El paisaje natural que rodea al pueblo posee una enorme fuerza atmosférica. Las montañas del fondo se elevan bajo un cielo gris claro y ligeramente cubierto, creando una sensación de amplitud y serenidad. Los tonos suaves y difuminados de las cumbres transmiten distancia y frescura, mientras las colinas verdes del primer plano aportan vida y luminosidad. El césped aparece cubierto de pequeñas flores amarillas dispersas que llenan el paisaje de delicadeza y color, rompiendo suavemente la sobriedad de los tonos grises y verdes. La combinación entre la humedad del ambiente y la luz tenue crea una atmósfera profundamente poética y contemplativa.
El sendero sinuoso que atraviesa la escena añade dinamismo y cercanía emocional al cuadro. La tierra húmeda y las pequeñas acumulaciones de agua reflejan la reciente lluvia o la humedad del entorno, aportando realismo y textura a la composición. Este camino parece conducir al espectador hacia el interior del pueblo y, al mismo tiempo, simboliza el vínculo entre la naturaleza y la vida cotidiana de sus habitantes. Los árboles y zonas sombrías situados a la derecha crean contraste y profundidad, equilibrando visualmente las áreas más luminosas del paisaje. Todo en la obra transmite una sensación de silencio, frescura y armonía con el entorno natural.

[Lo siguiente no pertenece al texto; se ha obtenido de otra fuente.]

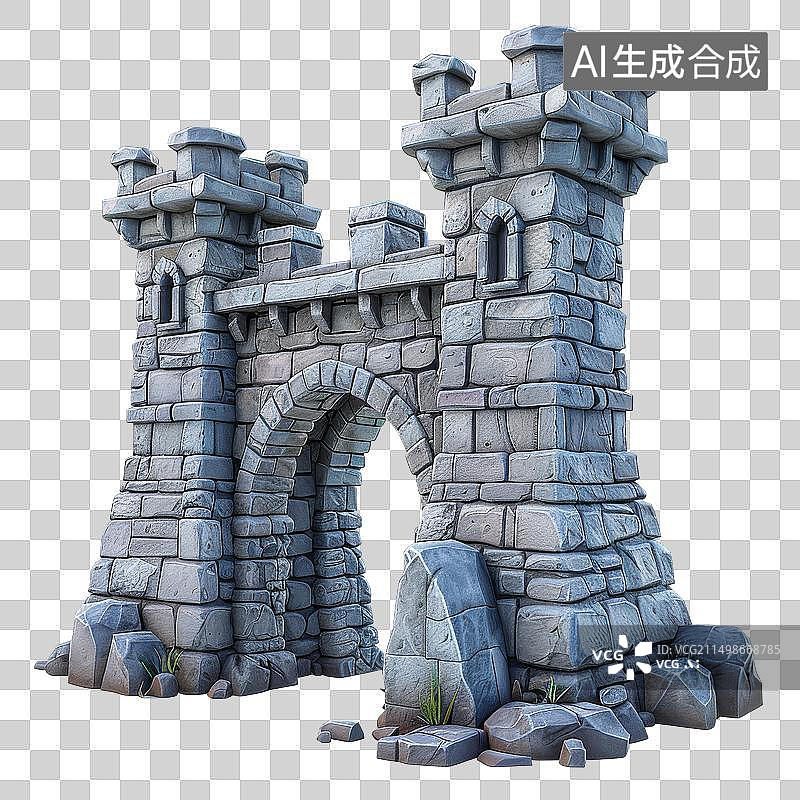 【AI数字艺术】[免抠PNG素材]一个有两座塔的石头城堡门楼图片素材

En conjunto, este cuadro es una representación profundamente evocadora de un paisaje rural de montaña, donde la arquitectura tradicional y la naturaleza conviven en perfecta armonía bajo una atmósfera húmeda y luminosa. La obra transmite calma, autenticidad y belleza serena a través de una composición llena de sensibilidad, evocando la tranquilidad de la vida en el campo y la poesía silenciosa de los paisajes montañosos.